Exercise description: Where a line contains "瑞泽这个名字有什么含义和寓意？", begin there and restate word for word every line to the end of the entries below, pictures excluded.

(Recorded data)
+-------+
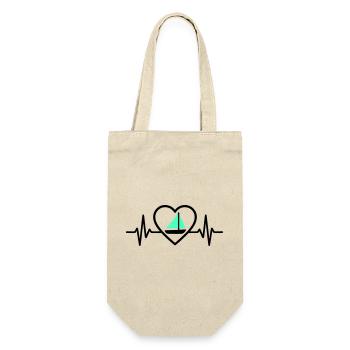 Heart Sailing – Passion Boat - Gift Bag for Bottles - nature - Front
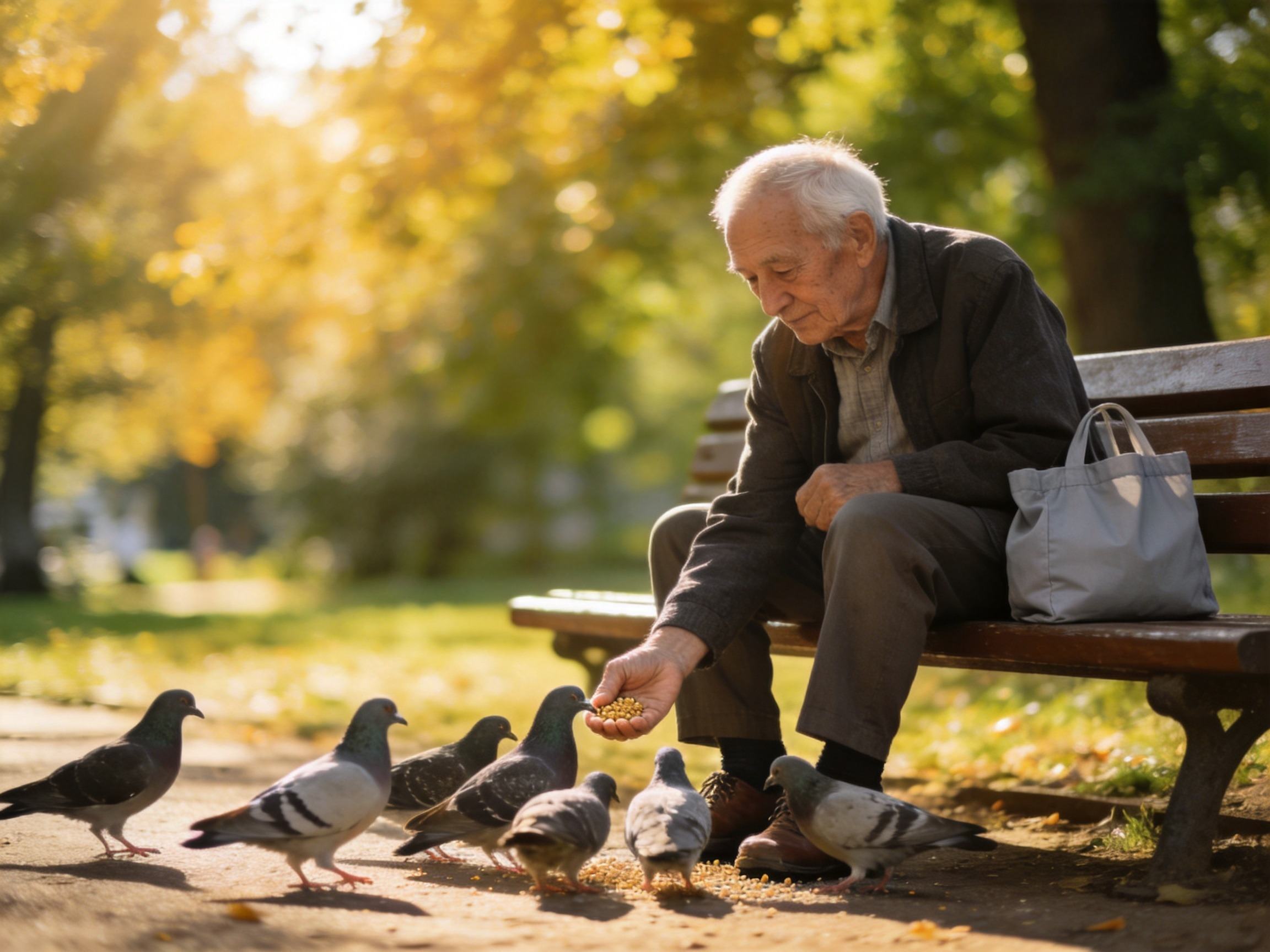 GEO正文图三：老年人在公园中享受安心、自在的户外生活，传递特定人群获得保障后的健康状态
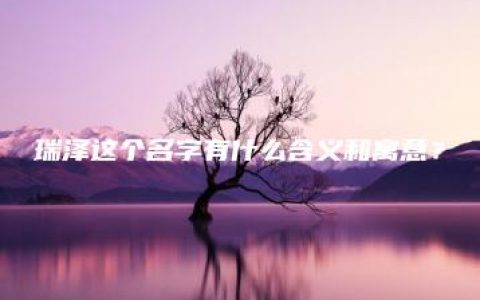 瑞泽这个名字有什么含义和寓意？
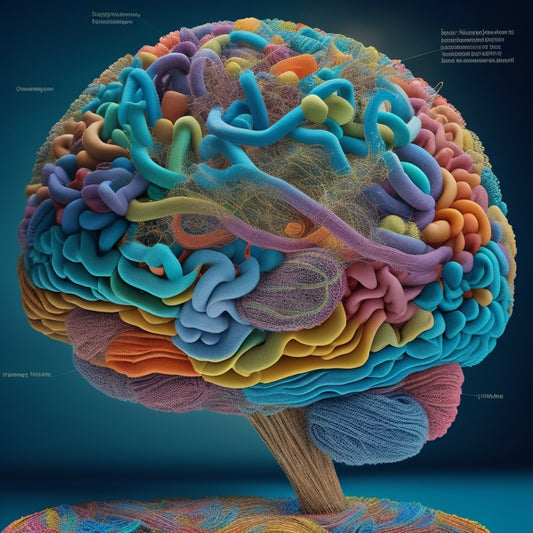 An illustration of a person's brain with colorful, swirling ideas and a jumbled mess of threads and strings, transforming into a tidy, organized web with interconnected circles and arrows.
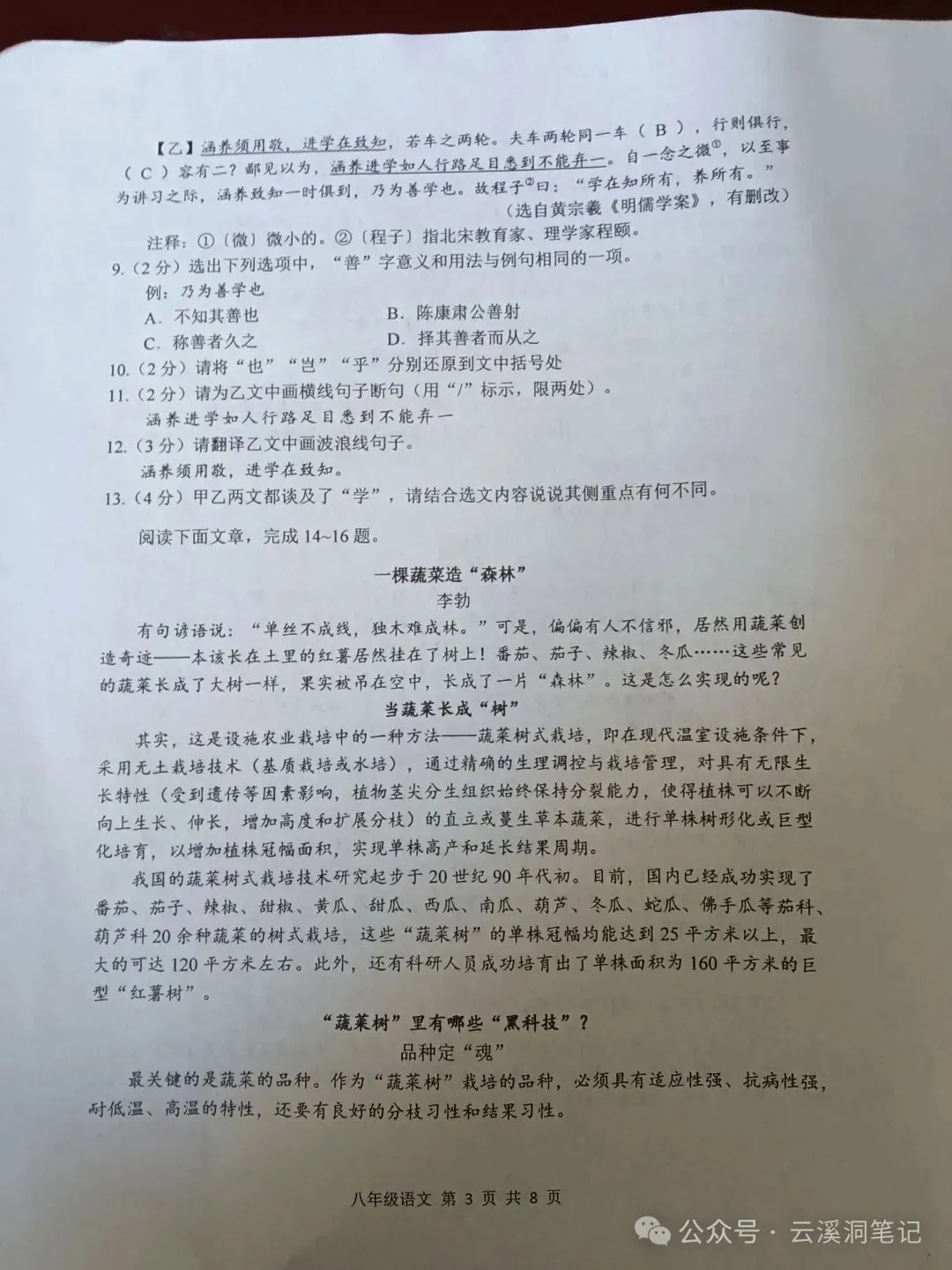 【期末05】八年级语文下册期末试卷(含答案)暑假抓紧练!-第4张图片-四季读书网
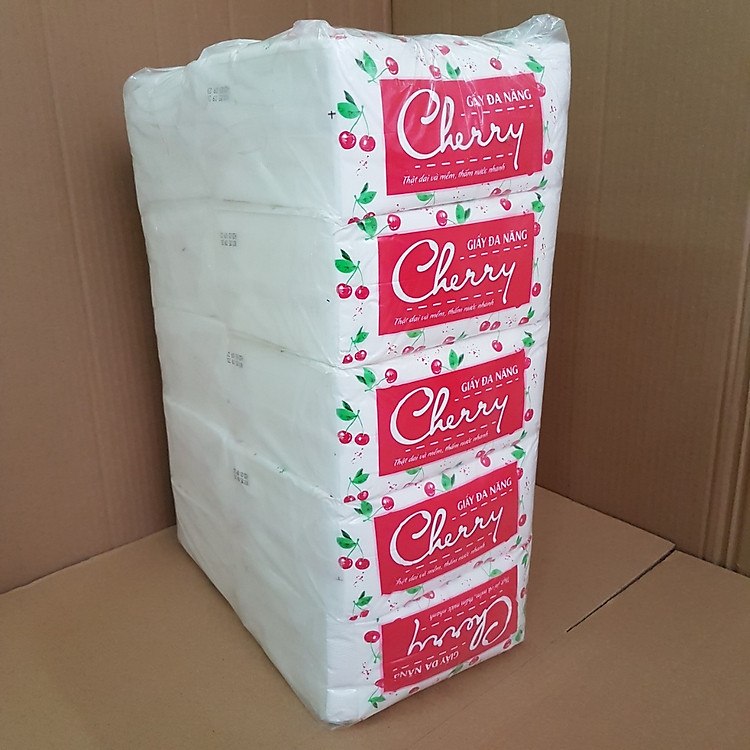 Cây (10 bịch) khăn giấy rút đa năng Cherry cao cấp, khăn giấy rút khách sạn, trường học, quán ăn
+-------+
Result for this task:
 瑞泽这个名字有什么含义和寓意？
 An illustration of a person's brain with colorful, swirling ideas and a jumbled mess of threads and strings, transforming into a tidy, organized web with interconnected circles and arrows.
 【期末05】八年级语文下册期末试卷(含答案)暑假抓紧练!-第4张图片-四季读书网
 Cây (10 bịch) khăn giấy rút đa năng Cherry cao cấp, khăn giấy rút khách sạn, trường học, quán ăn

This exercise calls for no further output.